_YOUR TASK_:
The result should be the lines from the one holding "Puerto Sherry and beach" to the final line of the records below, repeated exactly and with no pictures.

_LISTED ENTRIES_:
......
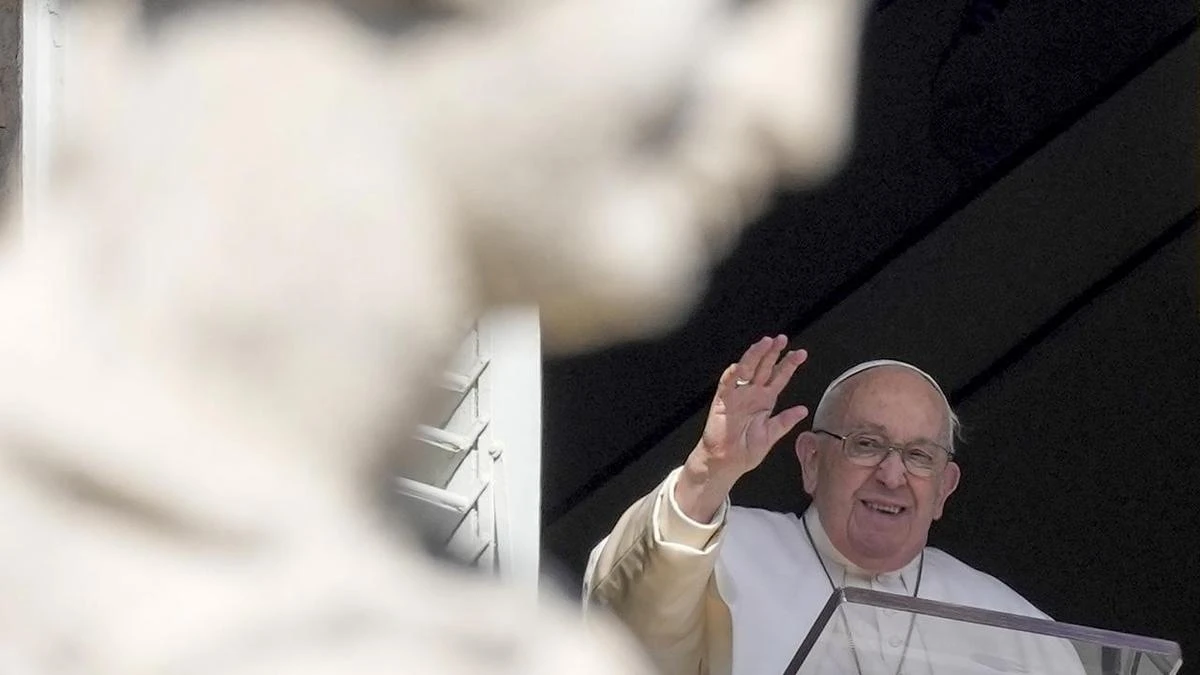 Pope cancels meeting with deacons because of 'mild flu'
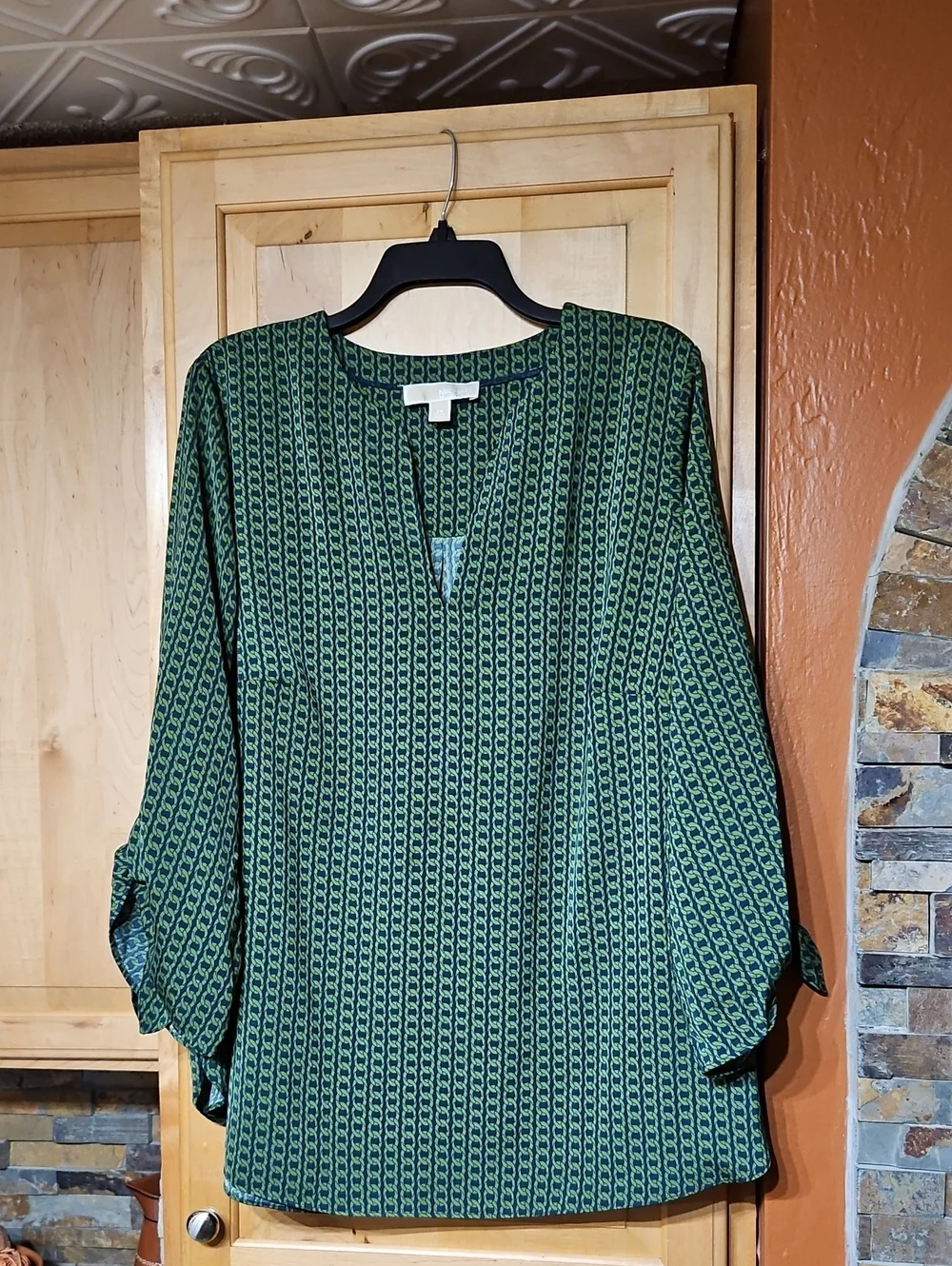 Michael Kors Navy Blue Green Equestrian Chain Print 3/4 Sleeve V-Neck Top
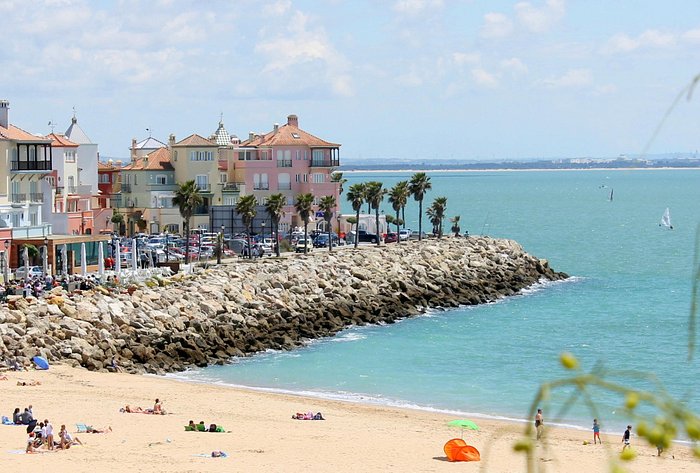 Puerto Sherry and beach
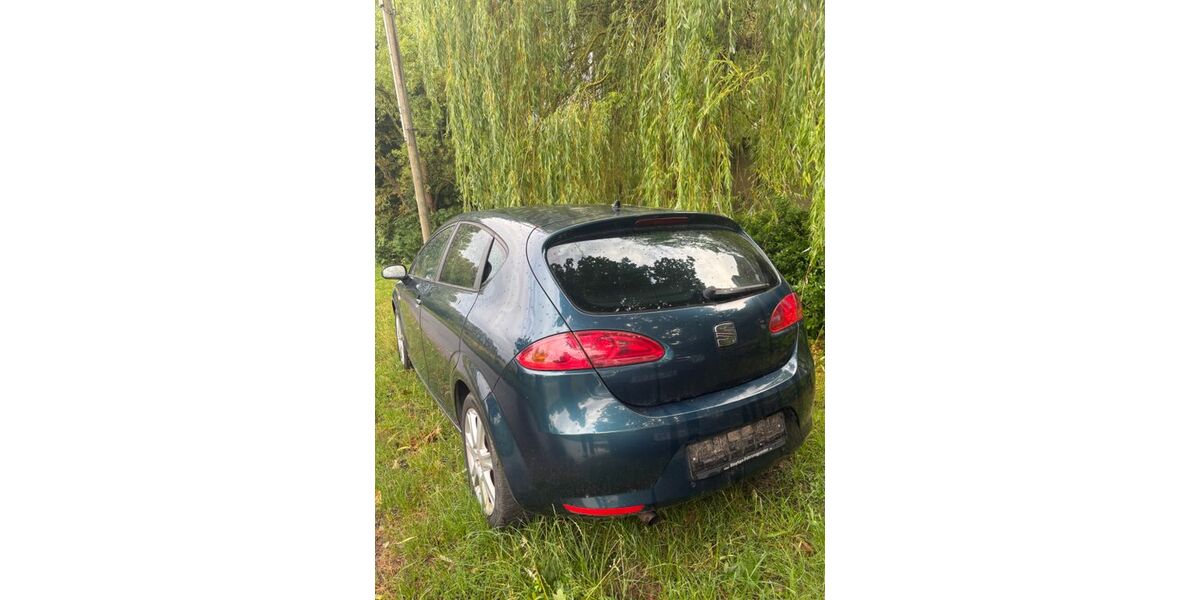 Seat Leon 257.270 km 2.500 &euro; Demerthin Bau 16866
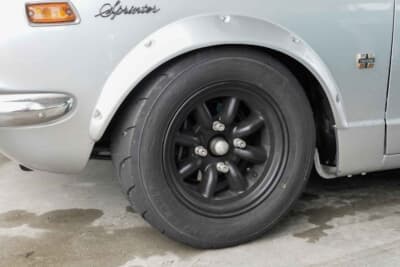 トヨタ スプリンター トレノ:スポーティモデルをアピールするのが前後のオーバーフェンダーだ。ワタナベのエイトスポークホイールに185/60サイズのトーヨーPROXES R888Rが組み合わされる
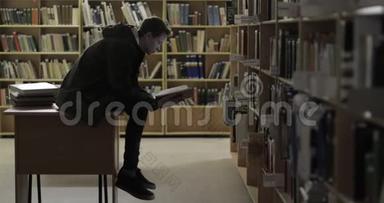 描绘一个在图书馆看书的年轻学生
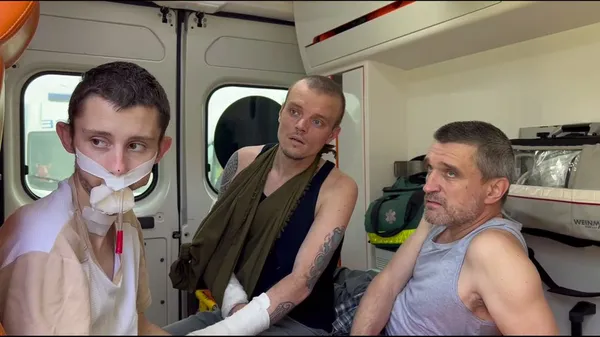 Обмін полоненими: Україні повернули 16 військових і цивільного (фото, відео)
......
_RESPONSE BOX_:
 Puerto Sherry and beach
 Seat Leon 257.270 km 2.500 &euro; Demerthin Bau 16866
 トヨタ スプリンター トレノ:スポーティモデルをアピールするのが前後のオーバーフェンダーだ。ワタナベのエイトスポークホイールに185/60サイズのトーヨーPROXES R888Rが組み合わされる
 描绘一个在图书馆看书的年轻学生
 Обмін полоненими: Україні повернули 16 військових і цивільного (фото, відео)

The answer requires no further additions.